■ WORK TO COMPLETE
Extract from the entries below, exactly as given, only the lines from the line containing "62452936 :رقم المزاد" to the line containing "Sabrina's Jynx No.", both lines included.

■ DATA FOR PROCESSING

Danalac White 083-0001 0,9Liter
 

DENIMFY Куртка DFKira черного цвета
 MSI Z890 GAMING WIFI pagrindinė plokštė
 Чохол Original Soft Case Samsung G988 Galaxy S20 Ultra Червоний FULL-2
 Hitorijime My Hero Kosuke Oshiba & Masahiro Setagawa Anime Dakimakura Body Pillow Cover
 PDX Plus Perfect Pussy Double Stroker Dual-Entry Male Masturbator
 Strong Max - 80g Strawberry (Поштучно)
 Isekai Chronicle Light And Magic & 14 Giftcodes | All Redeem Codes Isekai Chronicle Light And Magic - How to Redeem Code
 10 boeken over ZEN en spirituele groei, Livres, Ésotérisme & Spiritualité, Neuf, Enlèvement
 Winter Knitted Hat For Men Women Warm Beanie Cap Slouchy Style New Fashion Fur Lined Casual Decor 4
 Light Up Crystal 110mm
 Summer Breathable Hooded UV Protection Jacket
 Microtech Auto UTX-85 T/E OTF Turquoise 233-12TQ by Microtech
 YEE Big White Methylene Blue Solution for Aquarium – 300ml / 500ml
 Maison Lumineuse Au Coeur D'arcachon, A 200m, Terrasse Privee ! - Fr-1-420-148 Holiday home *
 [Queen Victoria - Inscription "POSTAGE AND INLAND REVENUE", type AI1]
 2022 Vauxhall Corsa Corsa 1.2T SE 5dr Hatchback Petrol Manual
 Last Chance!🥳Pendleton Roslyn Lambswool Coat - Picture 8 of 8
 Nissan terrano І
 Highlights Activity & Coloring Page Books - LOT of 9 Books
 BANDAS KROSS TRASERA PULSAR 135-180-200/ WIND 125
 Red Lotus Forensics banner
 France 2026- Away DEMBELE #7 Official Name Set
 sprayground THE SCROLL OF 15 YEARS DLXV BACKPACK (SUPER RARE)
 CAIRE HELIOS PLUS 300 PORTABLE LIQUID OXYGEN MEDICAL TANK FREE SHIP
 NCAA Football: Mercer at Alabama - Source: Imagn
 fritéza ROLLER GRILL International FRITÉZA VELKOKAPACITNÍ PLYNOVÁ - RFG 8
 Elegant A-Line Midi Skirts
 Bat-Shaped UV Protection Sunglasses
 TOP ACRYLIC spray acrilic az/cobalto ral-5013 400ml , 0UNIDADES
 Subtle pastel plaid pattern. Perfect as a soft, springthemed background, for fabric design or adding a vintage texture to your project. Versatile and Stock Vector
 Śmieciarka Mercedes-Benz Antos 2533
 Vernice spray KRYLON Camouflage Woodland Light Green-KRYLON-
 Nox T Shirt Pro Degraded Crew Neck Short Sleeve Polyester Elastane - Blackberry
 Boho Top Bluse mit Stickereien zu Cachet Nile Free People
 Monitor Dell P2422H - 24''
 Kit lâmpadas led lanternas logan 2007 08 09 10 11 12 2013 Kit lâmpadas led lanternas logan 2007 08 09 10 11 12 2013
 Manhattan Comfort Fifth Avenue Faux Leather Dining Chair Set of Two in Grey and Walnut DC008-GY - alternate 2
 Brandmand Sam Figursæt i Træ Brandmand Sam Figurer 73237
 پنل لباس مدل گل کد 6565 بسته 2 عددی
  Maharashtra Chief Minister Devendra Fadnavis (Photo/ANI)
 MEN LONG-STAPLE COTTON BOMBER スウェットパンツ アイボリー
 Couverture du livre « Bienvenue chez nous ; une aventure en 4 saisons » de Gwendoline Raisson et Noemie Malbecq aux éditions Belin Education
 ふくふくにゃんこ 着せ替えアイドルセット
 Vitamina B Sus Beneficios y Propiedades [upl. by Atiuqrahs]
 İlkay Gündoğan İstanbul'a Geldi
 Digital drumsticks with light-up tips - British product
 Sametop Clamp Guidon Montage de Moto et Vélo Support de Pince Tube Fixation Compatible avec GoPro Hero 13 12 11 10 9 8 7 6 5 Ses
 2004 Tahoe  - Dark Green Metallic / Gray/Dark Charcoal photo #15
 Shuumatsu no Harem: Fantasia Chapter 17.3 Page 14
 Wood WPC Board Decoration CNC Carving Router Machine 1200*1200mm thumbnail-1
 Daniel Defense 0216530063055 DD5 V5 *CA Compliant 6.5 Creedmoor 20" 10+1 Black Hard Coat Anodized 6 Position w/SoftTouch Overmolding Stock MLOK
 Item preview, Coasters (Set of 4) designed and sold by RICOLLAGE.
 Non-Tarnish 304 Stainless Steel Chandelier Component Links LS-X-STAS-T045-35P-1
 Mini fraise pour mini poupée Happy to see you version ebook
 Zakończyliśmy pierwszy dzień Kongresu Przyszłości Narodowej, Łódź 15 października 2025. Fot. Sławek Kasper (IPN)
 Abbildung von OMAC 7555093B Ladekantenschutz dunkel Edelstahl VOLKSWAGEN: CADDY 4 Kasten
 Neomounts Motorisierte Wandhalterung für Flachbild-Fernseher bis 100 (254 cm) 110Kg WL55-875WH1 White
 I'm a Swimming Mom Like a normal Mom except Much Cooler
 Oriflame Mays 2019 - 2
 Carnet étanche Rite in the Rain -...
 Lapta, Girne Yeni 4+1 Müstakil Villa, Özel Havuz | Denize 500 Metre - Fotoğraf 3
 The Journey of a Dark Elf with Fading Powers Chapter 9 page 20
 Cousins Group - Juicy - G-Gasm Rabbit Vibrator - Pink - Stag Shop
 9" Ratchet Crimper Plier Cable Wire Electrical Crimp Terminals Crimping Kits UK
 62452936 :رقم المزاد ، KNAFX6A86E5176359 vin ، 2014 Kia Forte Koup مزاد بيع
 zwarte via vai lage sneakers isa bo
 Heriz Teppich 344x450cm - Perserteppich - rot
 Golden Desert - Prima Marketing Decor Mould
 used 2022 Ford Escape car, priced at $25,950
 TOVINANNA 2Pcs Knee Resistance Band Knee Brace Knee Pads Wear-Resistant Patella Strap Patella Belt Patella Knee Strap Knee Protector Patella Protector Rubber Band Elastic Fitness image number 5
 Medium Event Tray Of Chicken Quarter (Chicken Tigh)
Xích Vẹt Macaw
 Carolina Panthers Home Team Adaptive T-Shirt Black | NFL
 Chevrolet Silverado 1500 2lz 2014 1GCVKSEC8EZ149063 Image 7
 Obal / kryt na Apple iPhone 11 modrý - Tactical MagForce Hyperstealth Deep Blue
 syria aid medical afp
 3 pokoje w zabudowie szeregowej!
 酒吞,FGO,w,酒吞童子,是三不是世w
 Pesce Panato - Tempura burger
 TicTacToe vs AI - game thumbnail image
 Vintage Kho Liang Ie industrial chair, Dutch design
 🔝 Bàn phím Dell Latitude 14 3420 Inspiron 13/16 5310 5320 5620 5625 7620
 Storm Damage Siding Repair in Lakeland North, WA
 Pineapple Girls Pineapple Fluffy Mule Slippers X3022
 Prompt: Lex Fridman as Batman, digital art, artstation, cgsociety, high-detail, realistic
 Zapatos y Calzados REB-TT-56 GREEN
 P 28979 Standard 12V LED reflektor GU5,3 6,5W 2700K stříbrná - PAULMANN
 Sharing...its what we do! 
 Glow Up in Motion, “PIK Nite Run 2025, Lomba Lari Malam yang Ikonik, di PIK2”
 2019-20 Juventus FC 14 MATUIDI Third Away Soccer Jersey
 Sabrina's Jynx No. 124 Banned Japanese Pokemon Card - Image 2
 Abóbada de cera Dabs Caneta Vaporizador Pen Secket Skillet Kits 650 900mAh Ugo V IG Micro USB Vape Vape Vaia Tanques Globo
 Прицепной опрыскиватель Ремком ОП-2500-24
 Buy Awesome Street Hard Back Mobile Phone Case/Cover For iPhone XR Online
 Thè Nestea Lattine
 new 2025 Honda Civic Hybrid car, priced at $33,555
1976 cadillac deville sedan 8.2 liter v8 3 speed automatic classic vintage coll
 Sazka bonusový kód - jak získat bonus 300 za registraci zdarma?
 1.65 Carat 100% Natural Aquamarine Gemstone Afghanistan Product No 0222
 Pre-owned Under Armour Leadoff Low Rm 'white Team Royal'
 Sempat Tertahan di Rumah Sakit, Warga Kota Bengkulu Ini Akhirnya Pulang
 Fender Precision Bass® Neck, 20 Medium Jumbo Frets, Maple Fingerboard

■ ANSWER BOX
 62452936 :رقم المزاد ، KNAFX6A86E5176359 vin ، 2014 Kia Forte Koup مزاد بيع
 zwarte via vai lage sneakers isa bo
 Heriz Teppich 344x450cm - Perserteppich - rot
 Golden Desert - Prima Marketing Decor Mould
 used 2022 Ford Escape car, priced at $25,950
 TOVINANNA 2Pcs Knee Resistance Band Knee Brace Knee Pads Wear-Resistant Patella Strap Patella Belt Patella Knee Strap Knee Protector Patella Protector Rubber Band Elastic Fitness image number 5
 Medium Event Tray Of Chicken Quarter (Chicken Tigh)
Xích Vẹt Macaw
 Carolina Panthers Home Team Adaptive T-Shirt Black | NFL
 Chevrolet Silverado 1500 2lz 2014 1GCVKSEC8EZ149063 Image 7
 Obal / kryt na Apple iPhone 11 modrý - Tactical MagForce Hyperstealth Deep Blue
 syria aid medical afp
 3 pokoje w zabudowie szeregowej!
 酒吞,FGO,w,酒吞童子,是三不是世w
 Pesce Panato - Tempura burger
 TicTacToe vs AI - game thumbnail image
 Vintage Kho Liang Ie industrial chair, Dutch design
 🔝 Bàn phím Dell Latitude 14 3420 Inspiron 13/16 5310 5320 5620 5625 7620
 Storm Damage Siding Repair in Lakeland North, WA
 Pineapple Girls Pineapple Fluffy Mule Slippers X3022
 Prompt: Lex Fridman as Batman, digital art, artstation, cgsociety, high-detail, realistic
 Zapatos y Calzados REB-TT-56 GREEN
 P 28979 Standard 12V LED reflektor GU5,3 6,5W 2700K stříbrná - PAULMANN
 Sharing...its what we do! 
 Glow Up in Motion, “PIK Nite Run 2025, Lomba Lari Malam yang Ikonik, di PIK2”
 2019-20 Juventus FC 14 MATUIDI Third Away Soccer Jersey
 Sabrina's Jynx No. 124 Banned Japanese Pokemon Card - Image 2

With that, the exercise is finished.